Then we've seen geopolitical crises. I can say that when we were working in the White House on the ports challenge, as you might all recall, lots and lots of ships hoping to get into LA Long Beach, and waiting for a while. We finally, Christmas arrived, the gifts came through. Hallelujah. Supply chains were working. At least, better than we had been anticipated.

Then we had the Russian invasion of Ukraine, and all of a sudden, a whole other set of supply chain issues. We have the tensions that have arisen between the US and China, right now. Around Taiwan, and other things. All of these have basically exposed our vulnerabilities to being without some capacity in the country around, whether it's PPE or semiconductors, areas in which we need some capacity in the country.

Frankly, I think we were in a place not only where there's bipartisan support, but we're also in a moment of technological innovation, where we actually can make some of these products and develop capabilities in a way that even 10 years ago you'd say would be very hard for us to do. So it is a real moment and an opportunity. It sounds like around economic resilience. Resilience is the key word, excellent. Yes. Basically, what we've been trying to do.
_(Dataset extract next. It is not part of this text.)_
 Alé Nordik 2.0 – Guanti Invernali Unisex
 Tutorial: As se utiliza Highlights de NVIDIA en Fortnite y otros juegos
We didn't plan that, by the way. No, exactly. But if you were to look at White House reports, you'd see how do we incent? Again, how do we move the private sector to invest in resilience as much as they invest in efficiency? Often companies have seen those as a trade-off. What we really know is both are important. But resilience costs money.

So you do have to figure out how are you going to create buffers in your supply chain? How are you going to create redundancy? Part of that strategy, as we've seen already, this is not just anecdote, but I think has really been tracked, is that companies are deciding to invest locally, and reinvest in the US. Sometimes re-shoring. Invest locally, in terms of moving things from Asia to Mexico. So that is actually something that's happening, and building resilience for the long term. Yeah, that's really interesting. Let's bring it back to the climate change topic.

We're a climate podcast, we might as well do that. Yes. How do these bills relate to climate change, broadly? Then another big question, that maybe I need to break these two up, but I'm just going to go for both of them and you answer them the way that you want to. What is this approach for dealing with climate change? How do these three bills try to tackle that? Then, how is that different to how policymakers have tried to tackle climate change in the past, before these three bills? I think that first and foremost, the thing to say about how are these different? Is just the scale. I mean, we are talking about-- Different, these are different than-- Than the past.

Stuff in the past? Yeah. Than in the past, sorry, is the scale. We're talking about close to half a trillion dollars, whether it's in tax credits or in spending, that's addressing this topic.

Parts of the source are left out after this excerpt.